---------- Provided records

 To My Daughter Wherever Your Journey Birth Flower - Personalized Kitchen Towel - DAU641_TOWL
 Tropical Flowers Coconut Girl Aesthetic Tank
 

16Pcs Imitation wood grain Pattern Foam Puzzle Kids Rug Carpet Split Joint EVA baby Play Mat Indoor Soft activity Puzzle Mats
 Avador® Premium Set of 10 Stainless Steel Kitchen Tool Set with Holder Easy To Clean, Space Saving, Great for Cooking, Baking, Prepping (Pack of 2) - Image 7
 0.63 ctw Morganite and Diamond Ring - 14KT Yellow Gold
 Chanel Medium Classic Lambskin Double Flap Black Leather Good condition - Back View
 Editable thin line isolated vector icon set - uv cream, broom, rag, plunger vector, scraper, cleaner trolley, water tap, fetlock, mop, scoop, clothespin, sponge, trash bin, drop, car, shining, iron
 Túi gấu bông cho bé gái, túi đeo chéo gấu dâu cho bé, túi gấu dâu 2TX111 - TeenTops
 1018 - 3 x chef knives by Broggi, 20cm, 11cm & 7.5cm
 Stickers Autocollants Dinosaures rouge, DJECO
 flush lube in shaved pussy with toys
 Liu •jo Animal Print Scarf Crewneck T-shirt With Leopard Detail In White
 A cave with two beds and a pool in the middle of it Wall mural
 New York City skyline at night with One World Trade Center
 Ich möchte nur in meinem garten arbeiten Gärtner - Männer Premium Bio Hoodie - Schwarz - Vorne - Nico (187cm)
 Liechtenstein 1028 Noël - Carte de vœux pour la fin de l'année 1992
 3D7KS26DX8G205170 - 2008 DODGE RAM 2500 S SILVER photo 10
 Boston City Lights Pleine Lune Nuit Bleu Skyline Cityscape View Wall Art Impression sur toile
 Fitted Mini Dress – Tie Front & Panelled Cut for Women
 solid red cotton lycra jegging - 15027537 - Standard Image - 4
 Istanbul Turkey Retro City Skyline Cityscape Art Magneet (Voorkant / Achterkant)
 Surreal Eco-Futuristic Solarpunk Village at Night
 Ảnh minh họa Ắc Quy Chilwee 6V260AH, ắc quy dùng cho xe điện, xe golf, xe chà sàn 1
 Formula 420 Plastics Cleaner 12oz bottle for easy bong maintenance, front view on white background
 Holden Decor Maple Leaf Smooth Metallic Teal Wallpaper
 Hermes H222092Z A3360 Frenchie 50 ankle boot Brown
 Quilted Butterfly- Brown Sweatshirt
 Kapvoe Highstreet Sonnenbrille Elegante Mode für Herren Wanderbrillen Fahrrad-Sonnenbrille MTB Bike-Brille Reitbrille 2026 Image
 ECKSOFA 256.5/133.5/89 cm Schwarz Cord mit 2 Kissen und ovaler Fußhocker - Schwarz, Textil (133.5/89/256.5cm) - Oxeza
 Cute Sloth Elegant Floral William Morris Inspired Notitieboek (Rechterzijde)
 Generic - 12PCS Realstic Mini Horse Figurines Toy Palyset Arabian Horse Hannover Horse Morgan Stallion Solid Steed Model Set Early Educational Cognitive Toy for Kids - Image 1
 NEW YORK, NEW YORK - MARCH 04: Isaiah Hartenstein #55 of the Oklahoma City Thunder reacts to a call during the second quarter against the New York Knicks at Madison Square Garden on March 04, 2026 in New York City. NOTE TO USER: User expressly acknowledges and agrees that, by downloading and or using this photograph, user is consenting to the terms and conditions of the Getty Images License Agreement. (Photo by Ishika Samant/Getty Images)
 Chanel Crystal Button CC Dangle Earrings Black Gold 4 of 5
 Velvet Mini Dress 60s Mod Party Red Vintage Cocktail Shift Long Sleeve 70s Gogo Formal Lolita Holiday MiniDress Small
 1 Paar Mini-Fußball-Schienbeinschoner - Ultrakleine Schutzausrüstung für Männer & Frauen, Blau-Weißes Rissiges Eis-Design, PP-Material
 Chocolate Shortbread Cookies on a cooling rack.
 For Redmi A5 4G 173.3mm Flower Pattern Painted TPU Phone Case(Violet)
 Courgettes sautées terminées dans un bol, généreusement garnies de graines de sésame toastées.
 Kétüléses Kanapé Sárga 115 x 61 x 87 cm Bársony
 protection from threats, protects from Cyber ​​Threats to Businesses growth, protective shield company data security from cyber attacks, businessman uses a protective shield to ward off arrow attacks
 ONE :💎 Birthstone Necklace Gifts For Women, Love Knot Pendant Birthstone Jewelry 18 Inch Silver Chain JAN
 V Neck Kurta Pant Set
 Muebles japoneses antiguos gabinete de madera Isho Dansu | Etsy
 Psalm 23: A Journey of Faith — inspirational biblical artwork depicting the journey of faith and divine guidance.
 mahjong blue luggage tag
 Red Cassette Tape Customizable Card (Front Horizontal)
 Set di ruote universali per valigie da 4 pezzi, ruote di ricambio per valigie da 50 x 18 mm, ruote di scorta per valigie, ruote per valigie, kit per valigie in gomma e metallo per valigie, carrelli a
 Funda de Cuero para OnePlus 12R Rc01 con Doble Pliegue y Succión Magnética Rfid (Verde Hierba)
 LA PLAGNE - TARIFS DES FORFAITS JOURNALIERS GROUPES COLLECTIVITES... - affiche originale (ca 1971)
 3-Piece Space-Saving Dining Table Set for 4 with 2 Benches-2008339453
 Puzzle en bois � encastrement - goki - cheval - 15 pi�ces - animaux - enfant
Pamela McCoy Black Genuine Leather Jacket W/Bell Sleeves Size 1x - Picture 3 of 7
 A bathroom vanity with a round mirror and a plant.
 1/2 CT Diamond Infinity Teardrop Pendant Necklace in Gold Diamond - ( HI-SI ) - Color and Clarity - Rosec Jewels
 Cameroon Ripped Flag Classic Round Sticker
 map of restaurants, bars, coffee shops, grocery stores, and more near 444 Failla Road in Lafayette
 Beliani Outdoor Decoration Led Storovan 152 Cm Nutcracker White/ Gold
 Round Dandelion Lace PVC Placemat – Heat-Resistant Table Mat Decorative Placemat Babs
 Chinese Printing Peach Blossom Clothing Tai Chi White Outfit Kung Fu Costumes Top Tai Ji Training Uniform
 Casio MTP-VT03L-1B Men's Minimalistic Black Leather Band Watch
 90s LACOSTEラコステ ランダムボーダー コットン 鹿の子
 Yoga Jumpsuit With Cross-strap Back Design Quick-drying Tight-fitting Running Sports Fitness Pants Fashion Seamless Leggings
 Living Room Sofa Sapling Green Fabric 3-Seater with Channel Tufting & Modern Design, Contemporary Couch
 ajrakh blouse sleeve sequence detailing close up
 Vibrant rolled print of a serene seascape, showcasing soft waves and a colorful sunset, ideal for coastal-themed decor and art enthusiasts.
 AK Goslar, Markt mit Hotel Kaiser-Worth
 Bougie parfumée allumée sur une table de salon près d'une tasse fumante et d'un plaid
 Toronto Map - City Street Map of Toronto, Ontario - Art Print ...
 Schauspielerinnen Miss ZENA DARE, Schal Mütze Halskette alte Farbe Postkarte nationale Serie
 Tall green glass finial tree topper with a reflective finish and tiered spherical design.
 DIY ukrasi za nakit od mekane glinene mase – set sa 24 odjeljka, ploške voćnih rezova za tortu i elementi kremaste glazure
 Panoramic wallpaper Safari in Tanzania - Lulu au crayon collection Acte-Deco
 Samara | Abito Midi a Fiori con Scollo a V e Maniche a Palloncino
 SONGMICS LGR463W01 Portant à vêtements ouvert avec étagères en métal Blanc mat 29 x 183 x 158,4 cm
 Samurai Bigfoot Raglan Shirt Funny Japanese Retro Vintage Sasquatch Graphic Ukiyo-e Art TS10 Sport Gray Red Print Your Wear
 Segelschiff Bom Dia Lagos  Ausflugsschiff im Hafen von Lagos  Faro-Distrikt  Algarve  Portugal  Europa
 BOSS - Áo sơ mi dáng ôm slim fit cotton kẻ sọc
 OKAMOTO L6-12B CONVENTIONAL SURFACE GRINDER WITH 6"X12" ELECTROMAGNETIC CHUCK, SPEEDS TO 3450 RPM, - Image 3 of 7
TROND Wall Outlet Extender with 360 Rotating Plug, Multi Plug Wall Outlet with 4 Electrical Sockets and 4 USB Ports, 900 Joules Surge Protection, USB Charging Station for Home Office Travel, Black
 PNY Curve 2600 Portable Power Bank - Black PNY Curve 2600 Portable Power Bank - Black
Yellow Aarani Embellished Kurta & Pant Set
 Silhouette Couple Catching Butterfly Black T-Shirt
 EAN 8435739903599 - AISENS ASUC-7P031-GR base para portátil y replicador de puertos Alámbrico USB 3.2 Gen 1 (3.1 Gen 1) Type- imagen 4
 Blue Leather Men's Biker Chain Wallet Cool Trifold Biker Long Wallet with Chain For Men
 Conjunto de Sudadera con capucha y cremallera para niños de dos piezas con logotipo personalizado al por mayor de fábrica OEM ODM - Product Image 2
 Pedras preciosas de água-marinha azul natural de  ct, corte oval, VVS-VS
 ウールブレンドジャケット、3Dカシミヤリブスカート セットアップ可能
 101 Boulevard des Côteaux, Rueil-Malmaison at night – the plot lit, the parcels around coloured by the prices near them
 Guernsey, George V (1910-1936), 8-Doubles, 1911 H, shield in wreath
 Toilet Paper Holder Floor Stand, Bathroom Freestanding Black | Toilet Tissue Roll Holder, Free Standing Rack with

--------------------

## Assigned task
Beginning with the first line above, could you copy every line exactly, up to and including the one with "Liechtenstein 1028 Noël"?

## Reply to the task
 To My Daughter Wherever Your Journey Birth Flower - Personalized Kitchen Towel - DAU641_TOWL
 Tropical Flowers Coconut Girl Aesthetic Tank
 

16Pcs Imitation wood grain Pattern Foam Puzzle Kids Rug Carpet Split Joint EVA baby Play Mat Indoor Soft activity Puzzle Mats
 Avador® Premium Set of 10 Stainless Steel Kitchen Tool Set with Holder Easy To Clean, Space Saving, Great for Cooking, Baking, Prepping (Pack of 2) - Image 7
 0.63 ctw Morganite and Diamond Ring - 14KT Yellow Gold
 Chanel Medium Classic Lambskin Double Flap Black Leather Good condition - Back View
 Editable thin line isolated vector icon set - uv cream, broom, rag, plunger vector, scraper, cleaner trolley, water tap, fetlock, mop, scoop, clothespin, sponge, trash bin, drop, car, shining, iron
 Túi gấu bông cho bé gái, túi đeo chéo gấu dâu cho bé, túi gấu dâu 2TX111 - TeenTops
 1018 - 3 x chef knives by Broggi, 20cm, 11cm & 7.5cm
 Stickers Autocollants Dinosaures rouge, DJECO
 flush lube in shaved pussy with toys
 Liu •jo Animal Print Scarf Crewneck T-shirt With Leopard Detail In White
 A cave with two beds and a pool in the middle of it Wall mural
 New York City skyline at night with One World Trade Center
 Ich möchte nur in meinem garten arbeiten Gärtner - Männer Premium Bio Hoodie - Schwarz - Vorne - Nico (187cm)
 Liechtenstein 1028 Noël - Carte de vœux pour la fin de l'année 1992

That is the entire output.